*** Opening Provided material ***

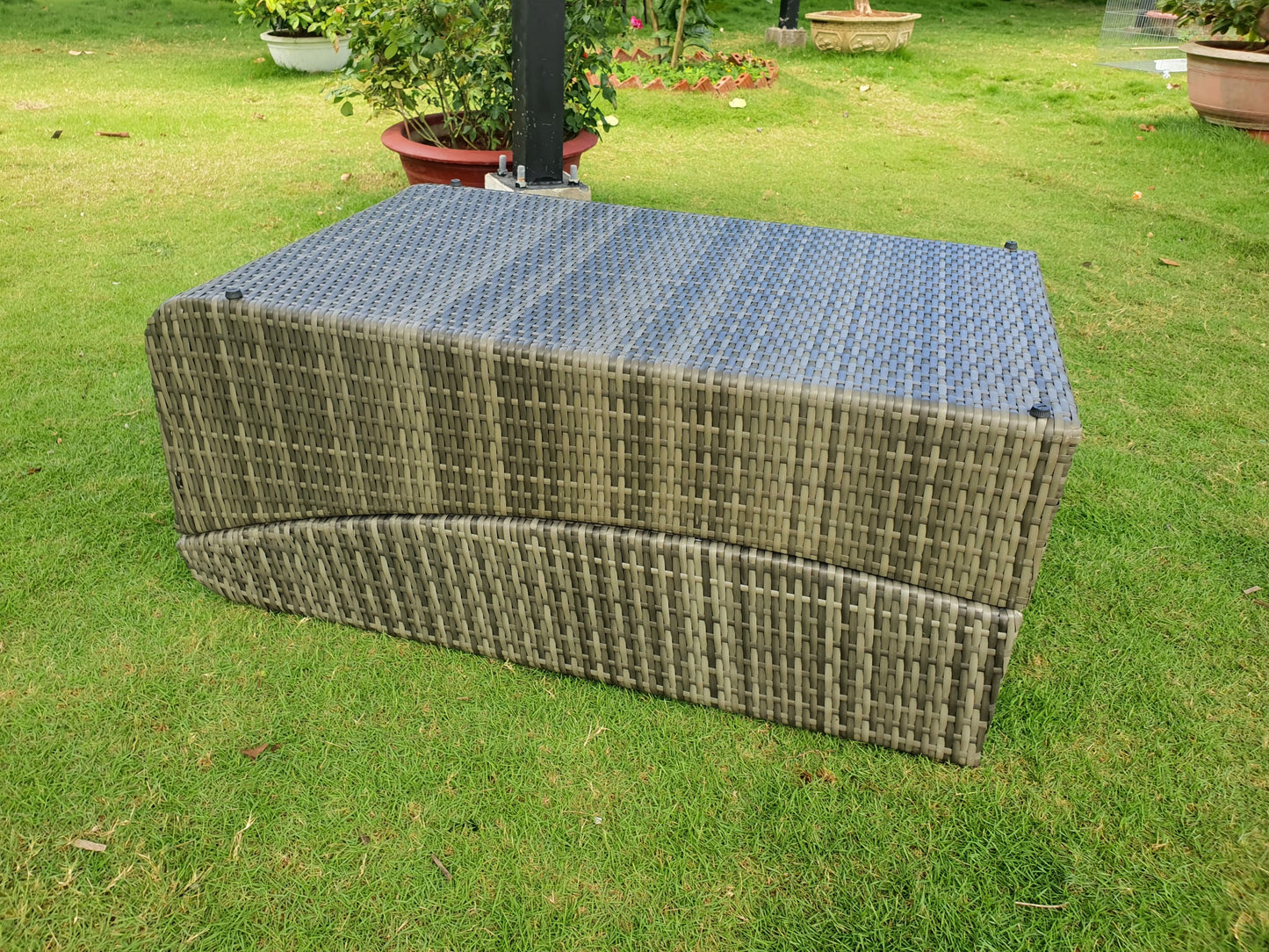 BTExpert Outdoor Foldable Chaise Lounge Chair, Wicker Rattan Reclining Sun Bed, Adjustable Padded Backrest Pillow, Assembled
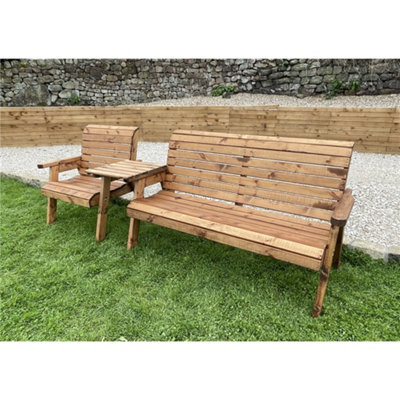 B&Q -  Grand Outdoor Wooden Four Seater Straight Companion Set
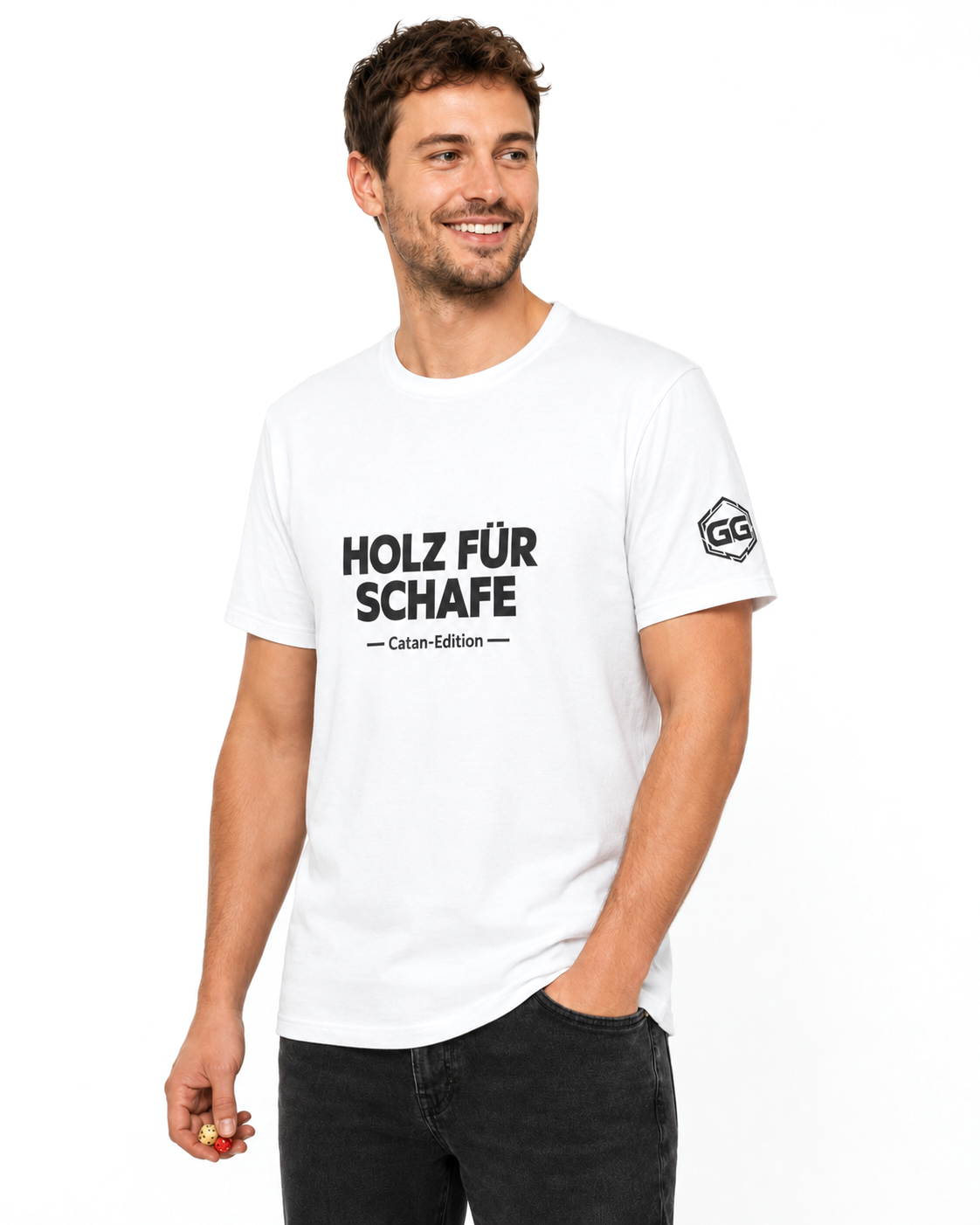 model:0:m | Wood for Sheep T-Shirt — Catan Edition – Model photo in White – Man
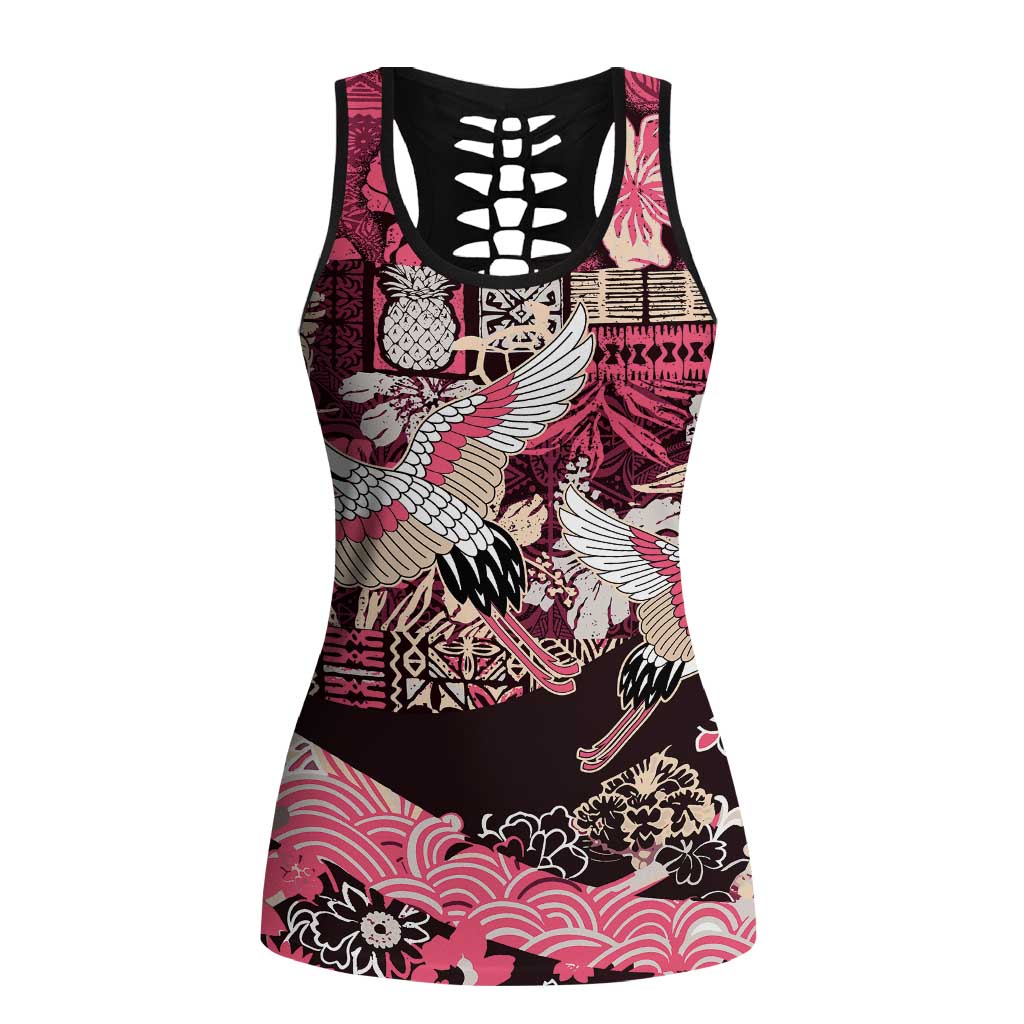 Japanese Hawaiian Crane Hollow Tank Top Soft Pink Tapa Patchwork Pattern LT9 Female Pink - Polynesian Pride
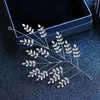 Hårklämmor Himstory Fashion Women Clear Crystal Leaf Branch Rhinestone Princess Bride Hairband Wedding Accessory Jewelry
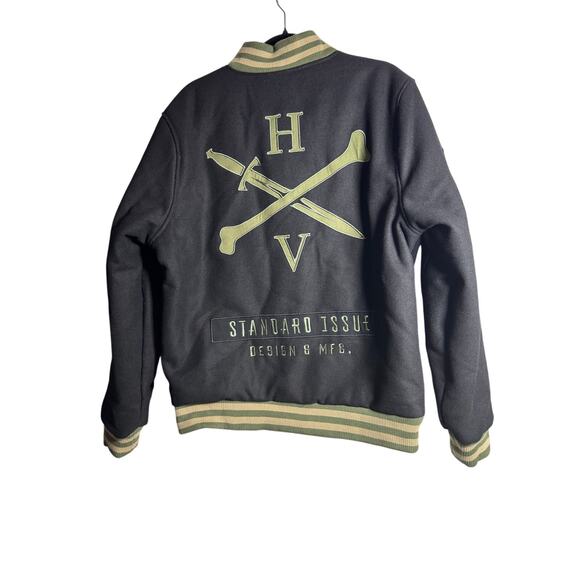 HEROES & VILLIANS Varsity Bomber Jacket NWT $140 "Standard Issue" Size L - Picture 6 of 16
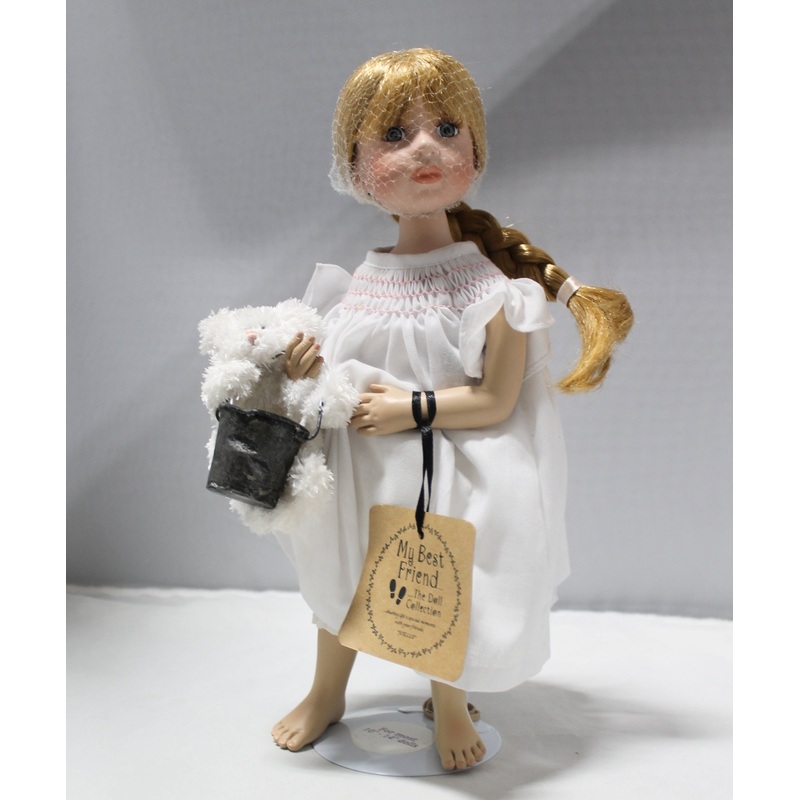 Boyd’s Collection Doll, Joelle #485/I, with Bear in a Bucket & Doll Stand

*** Closing Provided material ***

# To do
Begin at the line containing "Straight Companion Set" and extract every line through the end of the records, inclusive, exactly and only; omit pictures.

# Output for this exercise
 B&Q -  Grand Outdoor Wooden Four Seater Straight Companion Set
 model:0:m | Wood for Sheep T-Shirt — Catan Edition – Model photo in White – Man
 Japanese Hawaiian Crane Hollow Tank Top Soft Pink Tapa Patchwork Pattern LT9 Female Pink - Polynesian Pride
 Hårklämmor Himstory Fashion Women Clear Crystal Leaf Branch Rhinestone Princess Bride Hairband Wedding Accessory Jewelry
 HEROES & VILLIANS Varsity Bomber Jacket NWT $140 "Standard Issue" Size L - Picture 6 of 16
 Boyd’s Collection Doll, Joelle #485/I, with Bear in a Bucket & Doll Stand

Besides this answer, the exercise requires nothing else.